> _Provided entries_
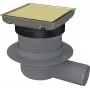 DEANTE Point Drain - Reversible 100x100 mm nerūdijančio plieno dušo kanalizacija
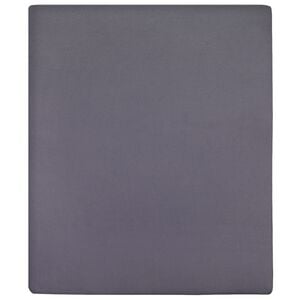 vidaXL Priliehav&eacute; prestieradlo Jersey antracitov&eacute; 90x200 cm bavlna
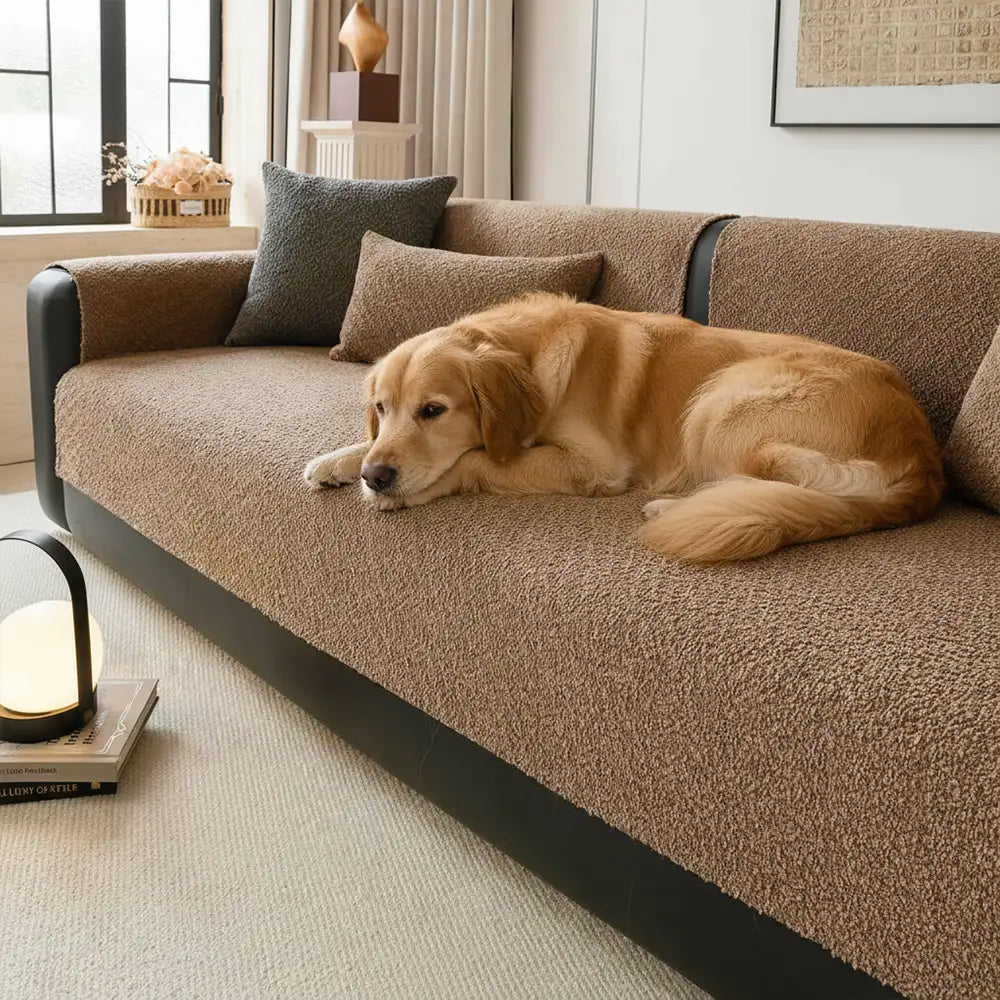 All-Season Breathable Chenille Scratch-Resistant Sofa Protection Outdoor Couch Cover… | Petix pet supplies for dogs and cats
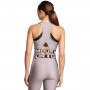 Damski top treningowy Under Armour Heatgear Rib Tank - beżowy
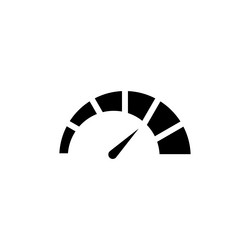 tachometer icon set high pressure level meter vector image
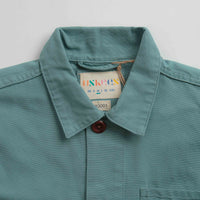 Uskees 3001 Buttoned Overshirt - Eucalyptus thumbnail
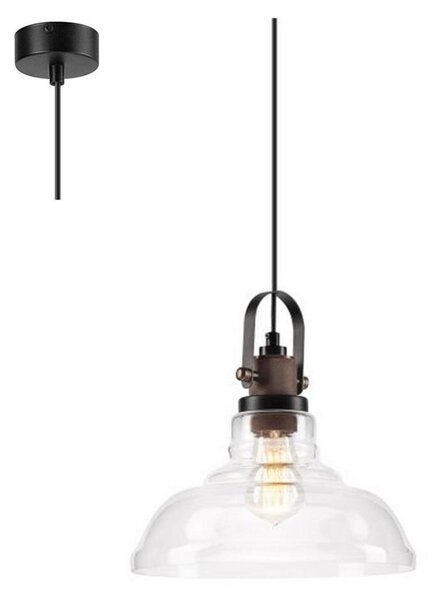 Lustr na lanku SINGLE 1xE27/60W/230V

> _How to complete this task_
"All-Season Breathable Chenille" marks the first line to copy; copy that line and every line after it through the last line of the listing, exactly and without pictures.

> _Output of the task_
 All-Season Breathable Chenille Scratch-Resistant Sofa Protection Outdoor Couch Cover… | Petix pet supplies for dogs and cats
 Damski top treningowy Under Armour Heatgear Rib Tank - beżowy
 tachometer icon set high pressure level meter vector image
 Uskees 3001 Buttoned Overshirt - Eucalyptus thumbnail
 Lustr na lanku SINGLE 1xE27/60W/230V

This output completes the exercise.